Start by admitting, 'from cradle to tomb
it isn't that long a stay'...life is a Cabaret[98]

I have argued in this essay that we individually exist between birth and death: that there is no afterlife; that we can experience. We are 'brief candles' and we need to make the best of this life.

The cradle rocks above an abyss, and common sense tells us that our existence is but a brief crack of light between two eternities of darkness.[99]

We can choose to suicide, or to retire to bed and never do anything, or we can decide to set ourselves goals that satisfy us. The goals you set may be about gaining experience and knowledge and, perhaps, making a better world for others (than if you had never existed).

We are not just individuals. We are all a part of the universe and have an impact on it, and on those who share it with us. Much that you do in life will be about obtaining the cooperation, help and regard of others. I hope so.

We must learn to accept that that past is essential to this present and should have no regrets. That we can do nothing about the past once it is past is also reason not be too disheartened by mistakes or to dwell on things in our own lives, once they are past. But we can learn from them; after all they are how we got to now, with all its possibilities.

So make your choices as best you can, for the future you want. If we make no decisions or plans and take no actions we still get somewhere. But if we want to get somewhere in particular we must plan and act or it is unlikely that we will get there:

'Would you tell me please, which way I ought to go from here?'
'That depends a good deal on where you want to get to,' said the Cat.
'I don't much care where – ' said Alice.
'Then it doesn't matter which way you go,' said the Cat.

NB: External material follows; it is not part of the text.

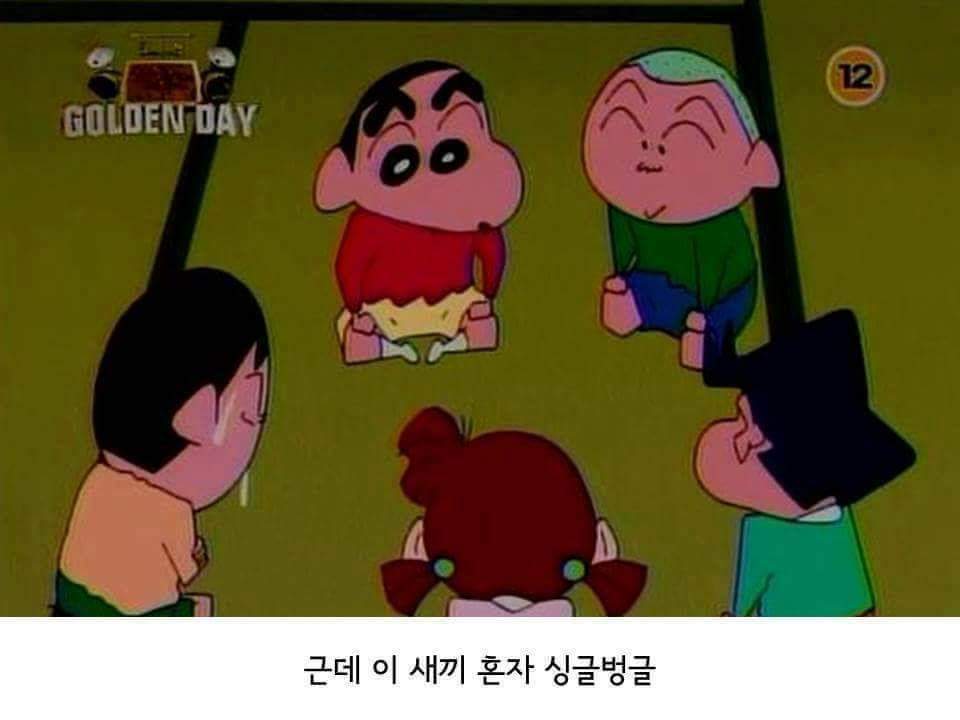 훈가 욕어도 되는 이유 | 인스티즈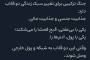جذابیت جنسی و جذابیت مالی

Your choices about where you want to go and your decisions about how to get there will define your life. As I have discussed you do not have to be famous or wealthy or even caring to have 'a life well spent'. If you feel that you are using your brief time wisely; that is all that matters.

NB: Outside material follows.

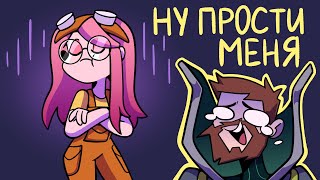 БОРОДАЧ И КРИСТИНА ЗАШЛИ НА 500 ММР Dota 2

Of course the things that make us feel that we have a 'life well spent' vary for each of us. Some seek personal well-being, others the acknowledgement of, or power over, other people. Some are collectors; of wealth, fame or experiences or just stamps, old cars or train numbers. Others are driven by sexual or family needs and yet others set personal or physical goals or seek wisdom or knowledge.

 

meaning life secret

 

In this essay I have argued for The Great Human Project, as providing a purpose to humanity. But this is my personal choice. You may well decide that entering Australia's Next Top Model will fulfil you better.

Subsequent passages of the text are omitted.